Anyone install a roof vent fan such as MaxxAir or Fantastic Fan in there Outback? 
I am wondering if the vent has been pre wired for this, or if it would be a big hassle to install one on the fanless vent.

How about vent covers? Anyone install those?


----------



## vern38 (Aug 18, 2003)

I installed a MaxxAir over the bed on the front vent. It was not pre wired but it was easy to find wires. If yous is like mine you can run your wires to the ceiling light at the end of the bed. Routing the wires from the fan is easy.


----------



## Y-Guy (Jan 30, 2004)

Vern were any wires hot or all switched from the light switches? I'd like to get one of those TurboMaxx vents with a thermostat but I don't want it tied to the light switch.

Our 28' has 3 vents, I was thinking of putting it in the one in the main cabin near the stove.


----------



## D&DOutback (Jan 22, 2004)

I'm in the same boat. I want to put a Turbo Maxx or a Fantastic Fan over the vent in the kitchen on my 25FS-B. There is a light nearby that I was planning on using but, like Y-Guy, I don't want it tied to the light switch if at all possible.
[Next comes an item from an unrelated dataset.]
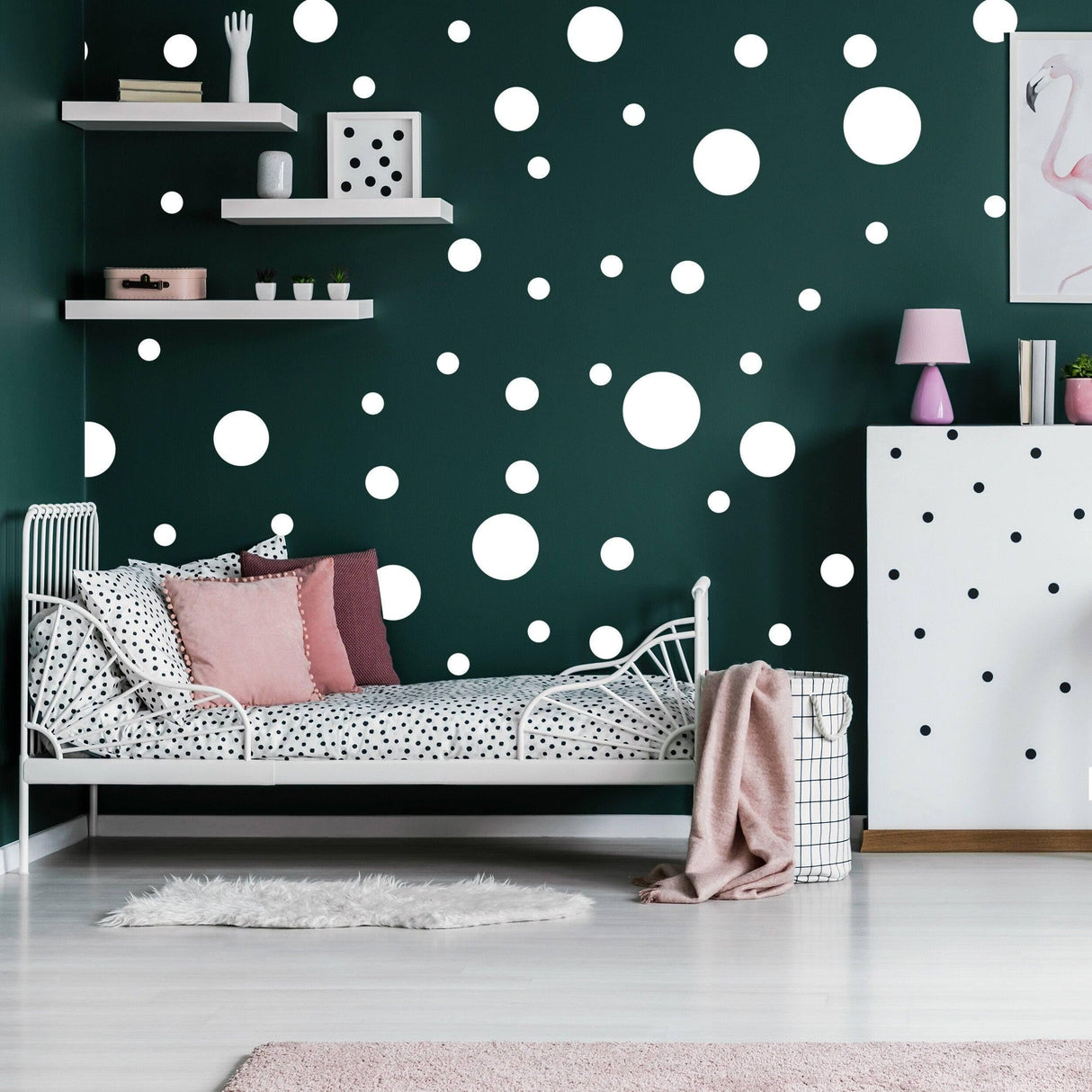 Cozy room with white round dot stickers on dark green wall, featuring a stylish bed and decor.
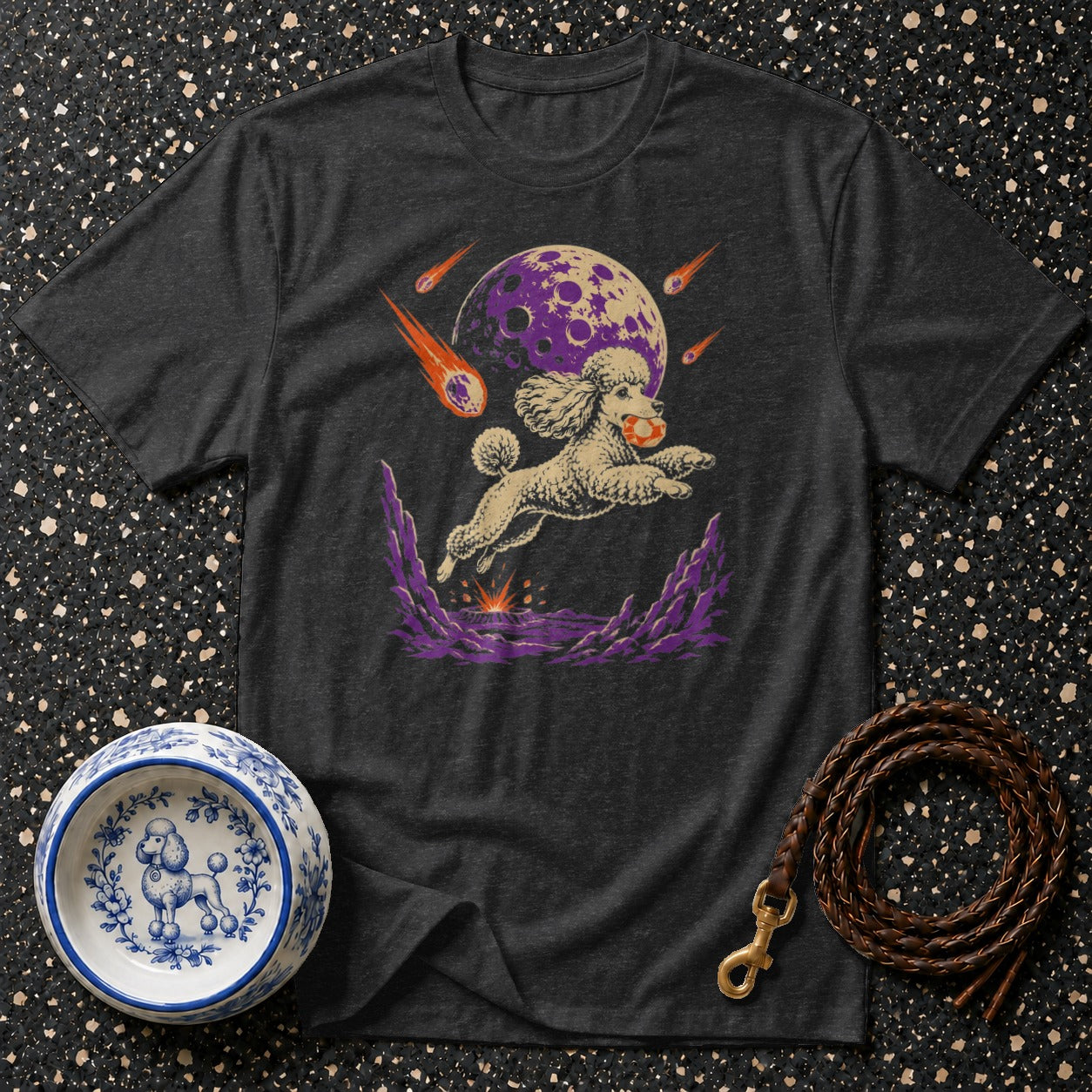 Dark t-shirt featuring a poodle jumping with a ball towards a purple moon and meteors.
Also, is there a big difference between the two above fans? Is one better than the other or are they pretty much the same other than the Turbo Maxx having a vent cover built in.

Any help would be appreciated. TIA.


----------



## Y-Guy (Jan 30, 2004)

D&D what I really like about the TurobMaxx is the fan is outside the camper, so it should be even quieter when running. I've heard good things about both fans and wouldn't hesitate to buy either one of them. The TurboMaxx can be spend, so I'm watching it on a few sites to see if it goes on sale or if camperschoice.com has one of their sales.


----------



## vern38 (Aug 18, 2003)

I have a Turbo Maxx Fan Installed over the bed in our Outback. I pulled the wires down to the light but they are not on the switch. I undid the pigtail and wired it before the switch. The Turbo Maxx has it's own switch so the only thing the light and fan share is the main circuit.


----------



## mjwencl (Feb 25, 2004)

NDJollyMon,

I figured I would add the Fantastic Vent in the bathroom to replace the existing unit. Since the existing unit has a small fan already, electric will be there to use. Hopefully heavy enough guage wire for the new unit.

Michael









Deleted the other topic as I missed seeing this thread.


----------



## NDJollyMon (Aug 22, 2003)

I think I'll get one of those fans too!


----------



## Y-Guy (Jan 30, 2004)

Anyone find any great prices on the TurboMaxx? So far Campers Choice seems the best that I've found.


----------



## j1mfrog (Jun 6, 2004)

Good sale on Fan-tastic fans at Camping world now.

http://www.campingworld.com/browse/skus/in...cfm?skunum=1631


----------